Pegcetacoplan in C3 Glomerulopathy (C3G)

Yes, pegcetacoplan is used in C3 glomerulopathy (C3G) and is FDA-approved for this indication in patients aged 12 years and older. Pegcetacoplan is a C3 inhibitor that targets the complement cascade at the level of C3, which is central to the pathogenesis of C3G.

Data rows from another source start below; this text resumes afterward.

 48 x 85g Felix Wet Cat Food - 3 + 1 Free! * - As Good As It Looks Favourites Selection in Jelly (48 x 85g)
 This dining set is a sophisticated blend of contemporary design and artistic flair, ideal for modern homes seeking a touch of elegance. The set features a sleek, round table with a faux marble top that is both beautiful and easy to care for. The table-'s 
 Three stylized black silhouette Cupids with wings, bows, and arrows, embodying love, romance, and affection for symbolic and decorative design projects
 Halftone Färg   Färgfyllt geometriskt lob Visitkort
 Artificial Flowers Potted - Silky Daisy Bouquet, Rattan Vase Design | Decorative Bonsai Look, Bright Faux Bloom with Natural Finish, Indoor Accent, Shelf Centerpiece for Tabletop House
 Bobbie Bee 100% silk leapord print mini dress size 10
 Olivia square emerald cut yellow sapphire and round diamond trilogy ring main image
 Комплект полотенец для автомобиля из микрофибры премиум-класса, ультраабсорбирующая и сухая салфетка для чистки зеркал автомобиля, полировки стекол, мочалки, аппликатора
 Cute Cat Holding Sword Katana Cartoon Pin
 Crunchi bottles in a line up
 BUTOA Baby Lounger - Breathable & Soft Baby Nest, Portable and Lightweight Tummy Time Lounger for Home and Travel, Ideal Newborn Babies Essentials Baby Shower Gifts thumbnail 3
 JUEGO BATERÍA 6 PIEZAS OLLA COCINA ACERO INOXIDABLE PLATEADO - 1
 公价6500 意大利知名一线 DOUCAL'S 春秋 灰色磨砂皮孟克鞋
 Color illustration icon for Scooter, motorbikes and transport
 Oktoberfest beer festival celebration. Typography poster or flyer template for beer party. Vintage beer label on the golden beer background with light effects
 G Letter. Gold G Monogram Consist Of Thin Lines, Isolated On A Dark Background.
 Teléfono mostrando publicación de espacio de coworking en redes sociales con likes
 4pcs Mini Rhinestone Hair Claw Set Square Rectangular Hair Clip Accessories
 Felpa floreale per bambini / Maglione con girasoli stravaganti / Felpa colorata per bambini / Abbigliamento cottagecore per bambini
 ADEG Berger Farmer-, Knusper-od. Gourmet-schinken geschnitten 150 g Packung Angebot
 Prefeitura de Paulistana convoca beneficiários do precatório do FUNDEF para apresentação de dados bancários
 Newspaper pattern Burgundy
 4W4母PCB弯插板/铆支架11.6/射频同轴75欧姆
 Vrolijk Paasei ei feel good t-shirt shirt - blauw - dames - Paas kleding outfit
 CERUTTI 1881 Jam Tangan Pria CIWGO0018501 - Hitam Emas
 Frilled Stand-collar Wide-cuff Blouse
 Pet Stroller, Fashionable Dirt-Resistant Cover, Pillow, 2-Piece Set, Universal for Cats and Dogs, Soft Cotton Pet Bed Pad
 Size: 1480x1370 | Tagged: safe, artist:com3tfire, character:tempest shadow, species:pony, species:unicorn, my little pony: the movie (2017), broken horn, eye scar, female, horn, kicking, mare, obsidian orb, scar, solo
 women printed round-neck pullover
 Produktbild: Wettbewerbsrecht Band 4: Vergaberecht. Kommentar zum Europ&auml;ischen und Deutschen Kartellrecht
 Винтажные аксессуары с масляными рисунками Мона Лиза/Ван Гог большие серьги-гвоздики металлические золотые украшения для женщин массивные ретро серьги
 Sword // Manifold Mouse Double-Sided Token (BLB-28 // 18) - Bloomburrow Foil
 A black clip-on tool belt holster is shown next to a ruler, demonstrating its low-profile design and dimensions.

Mechanism of Action and Rationale

• Pegcetacoplan binds to complement protein C3 and its activation fragment C3b, thereby regulating C3 cleavage and downstream complement activation 1
• In C3G, complement dysregulation and overactivation causes deposition of C3 fragments in glomeruli, which directly contributes to the pathogenesis of the disease 1
• By inhibiting C3 activation, pegcetacoplan decreases C3 glomerular fragment deposition and reduces C5 convertase activity and subsequent assembly of C5b-9 (membrane attack complex) 1

Treatment Algorithm for C3G

First-Line Therapy

• For patients with moderate-to-severe C3G without monoclonal gammopathy, initial treatment should be mycophenolate mofetil (MMF) plus glucocorticoids 2
• If this fails, eculizumab (terminal complement inhibitor) should be considered 2

Role of Pegcetacoplan

• Pegcetacoplan is indicated for patients who have failed first-line therapy or as part of a clinical trial 2
• FDA has approved pegcetacoplan for the treatment of C3G in patients aged 12 years and older 1
• In clinical studies, pegcetacoplan demonstrated significant efficacy in reducing C3 deposits in glomeruli and improving clinical outcomes 1, 3

Efficacy of Pegcetacoplan in C3G

• In patients with C3G treated with pegcetacoplan, mean serum C3 levels increased from 62 mg/dL at baseline to 371 mg/dL at Week 26 1
• Mean plasma soluble C5b-9 levels decreased from 903 ng/mL at baseline to 290 ng/mL at Week 26 1
• 74% of patients on pegcetacoplan had a decrease in C3 complement staining by at least 2 orders of magnitude from baseline to Week 26 compared to only 12% on placebo 1
• In a Phase 2 study, pegcetacoplan reduced proteinuria by 50.9% in the intent-to-treat population and 65.4% in the per-protocol population over 48 weeks 3
• Mean serum albumin normalized and mean eGFR remained stable over 48 weeks of treatment 3

Special Considerations

• Evaluate for monoclonal proteins in patients over 50 years old with C3G diagnosis, as this may affect treatment approach 2
• Rule out infection-related GN or post-infectious GN prior to diagnosing C3G 2
• For transplant recipients with recurrent C3G, pegcetacoplan has shown efficacy with 50% of patients achieving ≥2 orders of magnitude reduction in C3 staining at week 12 4

Safety Profile

• Most common adverse events include upper respiratory tract infection, injection site erythema, nausea, and headache 3
• Injection site reactions are common but typically mild and tend to decrease over time with continued treatment 5
• No cases of meningitis or sepsis were reported in clinical trials for C3G 3
• Patients should receive appropriate vaccinations against encapsulated bacteria before initiating therapy 6

Monitoring During Treatment

• Monitor serum C3 levels, which typically increase with treatment 1
• Follow plasma soluble C5b-9 levels, which should decrease with effective treatment 1
• Assess proteinuria regularly to evaluate treatment response 3, 4
• Monitor renal function through eGFR measurements 3, 4

Pegcetacoplan represents an important advancement in the treatment of C3G by directly targeting the central component of complement dysregulation in this disease. Its approval for C3G provides a much-needed therapeutic option for patients with this rare but serious kidney disorder.